Welcome back to The Gatekeepers, a feature in which we roam the city meeting the fine ladies and gentlemen that stand between you and some of your favorite impossible-to-get tables.
[Photo: Timothy Hiatt]
A northwest suburban kid, Chris Haisma moved to the city at 18 before splitting for the West Coast and spending his twenties working in L.A. restaurants. He met the Boka guys through an L.A. regular, starting him on a path back to Chicago. After signing on as the opening general manager at G.T. Fish & Oyster, Haisma was promoted to Director of Operations and opened The J. Parker late last July. He oversees Boka in addition to those two, bouncing between all three on a near-daily basis.
Entering the first full patio season at the year-round rooftop restaurant and lounge, The J. Parker has quickly become one of the hottest spots in town due to the unobstructed lake, park, and skyline views from atop the Hotel Lincoln and above Perennial Virant. Haisma sat down for a chat about the crush of people, how weather affects business, and 1800-cover Saturdays.
How do the seasons affect business for you guys?
It's a whole different animal in the summer than it is in the winter. The inside is a little more of an intimate cocktail lounge. But come summertime when the patio opens up and the nice weather comes it becomes a very high volume, high-energy sort of place.
How much time do you spend watching the weather?
There's a lot of that, that's for sure. Once the weather's great, and it's nice everyday, it's not so much depending on the weather at that point. But it's certainly a different beast altogether.
This is going to be your first full spring/summer season. What are you expecting for this season compared to late July/August last year when you opened?
We definitely have set ourselves up to handle the expectations. People know about it now, too. Last year when we opened in the middle of the summer, word spread that we were open, but this year, the phone's been ringing ever since the first sunny day. It's a beautiful rooftop with a beautiful downtown skyline and views of the water.
Is it busier than last year so far?
It's still early, so I would say it's about the same. A lot of people would call or they would come up during the wintertime and they didn't even realize we were open year-round. We've got this beautiful bar inside with craft cocktails and great food, but a lot of people thought it was just a patio. So it's a little different than last year because we opened during the summer.
You had your busiest day ever last Saturday?
It was such a beautiful day we started off the day at 9 a.m. doing brunch for 125 people after a wedding. Then we had birthday parties and things like that so it was just a big day for us. A lot of people coming through.
What was the wait like for people to get in?
Who wants to go to a place they have to wait a couple hours to get in? When we get to capacity upstairs, then we'll take your number down and we'll text you. We'll able to seat people after 45 minutes to an hour at the most.
What is your typical day like?
Where I am is just where I'm needed most on that day. If it's 90 degrees and sunny during the day, I'm going to stay on the rooftop. If they need me at Boka, I'm going to be at Boka. It's just seeing where I need to be to support my team.
A lot of things have changed with the food menu.
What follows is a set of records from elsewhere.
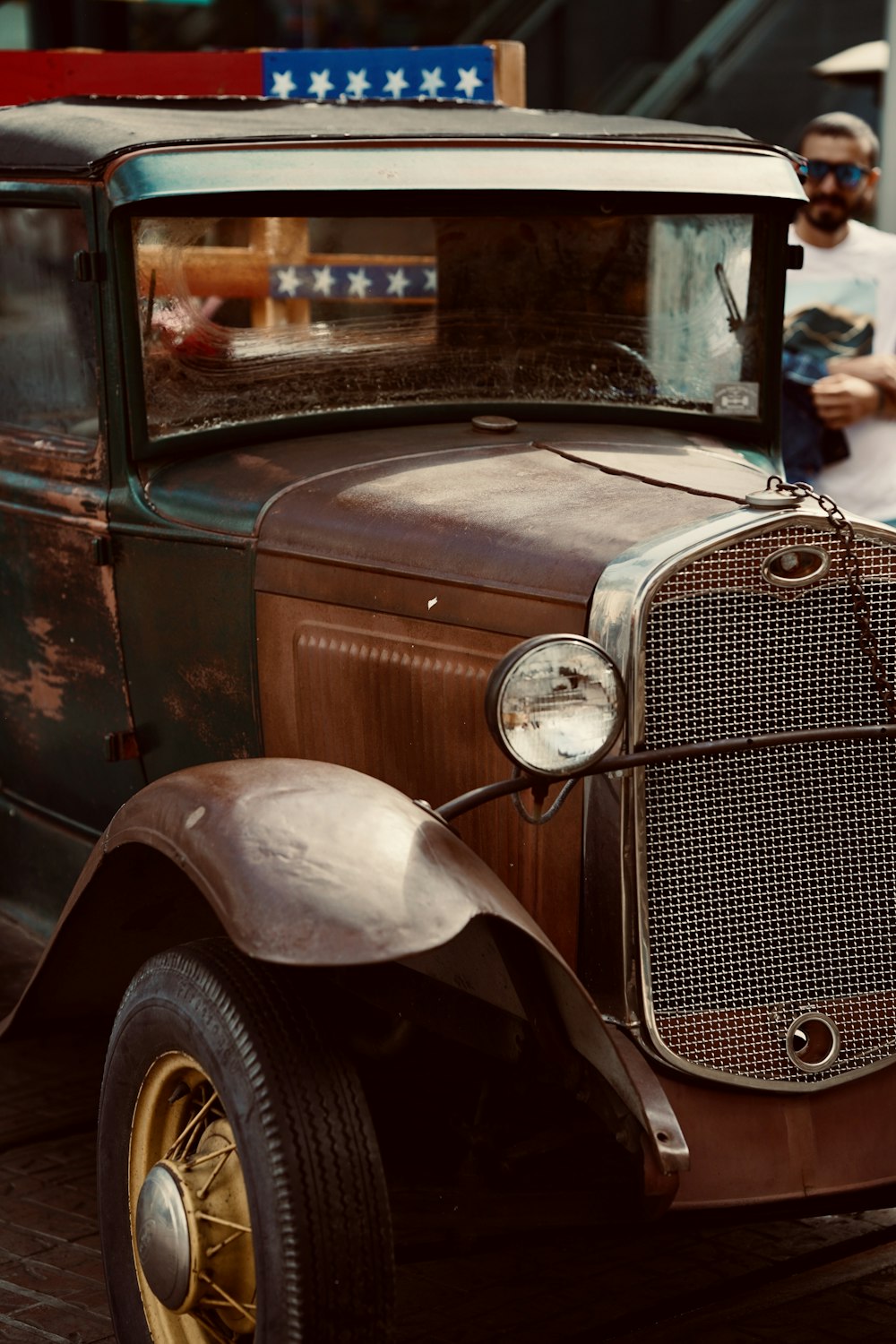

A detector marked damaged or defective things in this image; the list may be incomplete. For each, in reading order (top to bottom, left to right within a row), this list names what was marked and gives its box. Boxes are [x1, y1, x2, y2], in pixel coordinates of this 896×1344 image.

cracked windshield [136, 211, 768, 441]
rusty car hood [143, 419, 768, 629]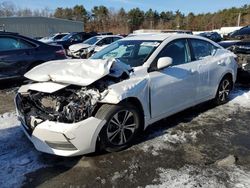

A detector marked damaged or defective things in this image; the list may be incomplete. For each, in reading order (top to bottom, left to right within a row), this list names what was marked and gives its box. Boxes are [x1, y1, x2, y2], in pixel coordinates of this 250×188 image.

crumpled hood [24, 58, 132, 87]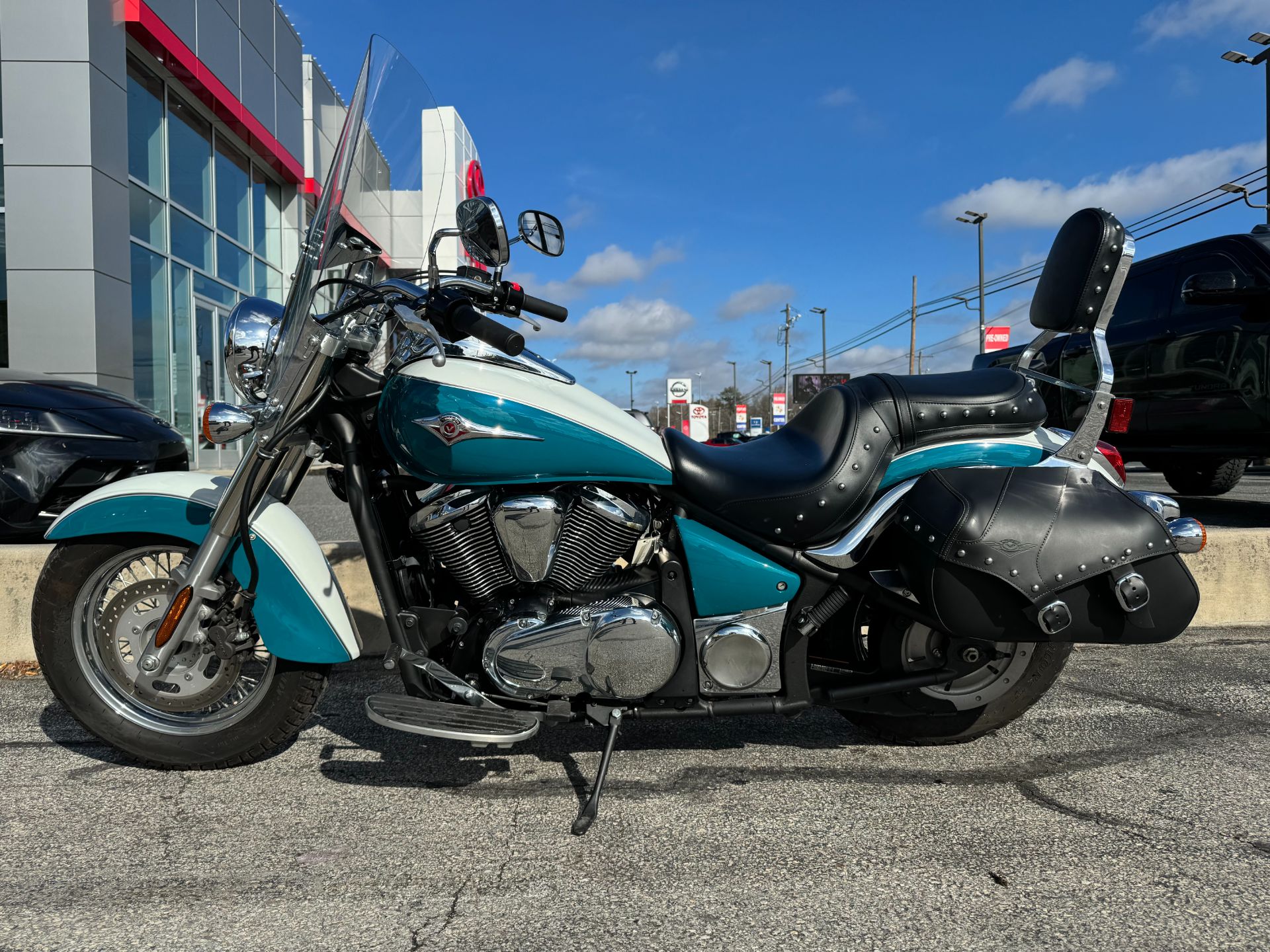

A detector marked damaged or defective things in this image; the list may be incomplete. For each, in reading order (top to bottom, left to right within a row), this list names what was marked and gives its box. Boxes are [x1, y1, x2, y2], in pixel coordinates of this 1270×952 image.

cracked pavement [0, 629, 1265, 949]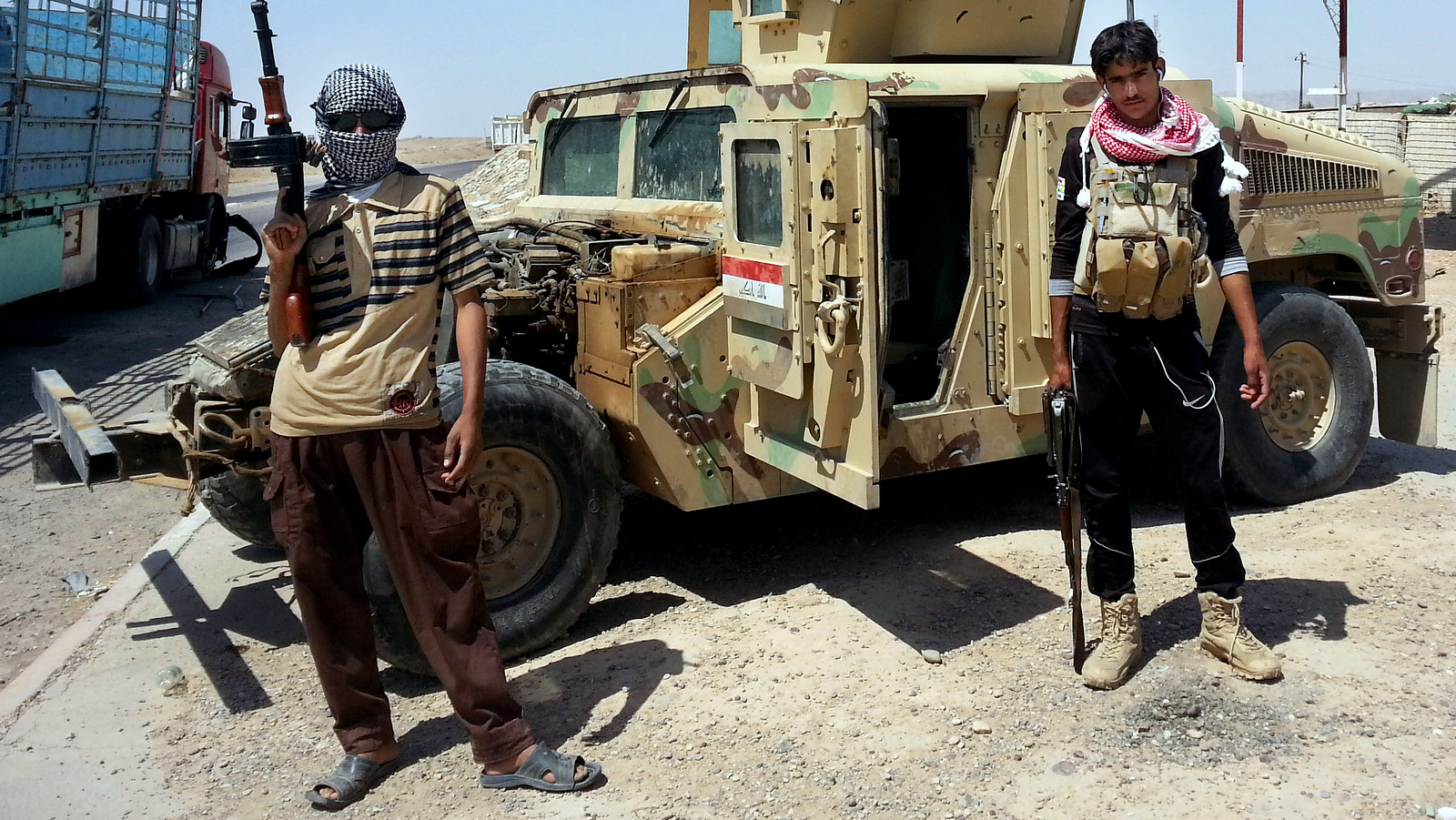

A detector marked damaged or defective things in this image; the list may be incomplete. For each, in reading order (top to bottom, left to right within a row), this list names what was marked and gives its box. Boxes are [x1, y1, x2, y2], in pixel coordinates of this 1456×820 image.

damaged vehicle wheel [364, 360, 619, 673]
What kind of feedback have you gotten?
When we opened I'm not sure anyone expected the volume that we are doing. So we changed it to be more rooftop summertime small bites. That's where it is right now, shared plates. That's what's hot right now.
How about the cocktail menu?
Tony (Selna) is super talented. He and I have known each other for years; we worked together in Los Angeles. He was the first guy I thought of and he's been a great fit for the patio. He's fun and energetic and his cocktails are super fresh and clean. His drinks can be pretty labor intensive, but it comes through in the quality of the cocktail.
How tough is it to get in during a Saturday night rush?
We don't take reservations. We do have the ability to book tables for events—we'll have birthday parties, bachelor parties, whatever they might be. We have 15 booths that we can book out for people. You can come right up and as long as we are not at capacity then you'll be fine.
How quick do you reach capacity on a Saturday night?
It depends. Because it gets pretty busy during the day on Saturday, we could hit it at 1:00 or 2:00 in the afternoon.
How many covers do you do throughout a whole Saturday?
We'll do upwards of 1800 covers.
Are there any tables that are high in demand?
There are certainly prime seating areas, especially at a place like that when you're overlooking the water right outside the glass on the couches. There's really not a bad view in the house. But when we say it's first-come first-serve we certainly honor that, but we help people out.
What kind of VIPs do you get in there?
No Hollywood celebrities or anything like that yet.
What about the dress code? Has anyone tried to come in their bathing suit?
Not really, no. We don't necessarily have a dress code, it's a pretty casual rooftop bar. You can wear sandals or shorts and stuff like that.
What's the strangest request you've gotten from a customer there?
I had a lady ask me if would it be okay if they had a bachelorette party and she asked me if they could bring a stripper. At that point I didn't know if she was serious or not. I said I'm not sure that would be appropriate for the other guests. She was dead serious.
What's the one Gatekeeper tool that you need to do the job there at J. Parker?
Communicating with guests and with staff, that's really what it is. It's about creating an experience for people and making sure they enjoy it.
When you're not there or at Boka or GT, where do you like to go to eat or drink?
Definitely Sable. That would be the spot for me to go to have a cocktail. I really like BellyQ and Avec as well.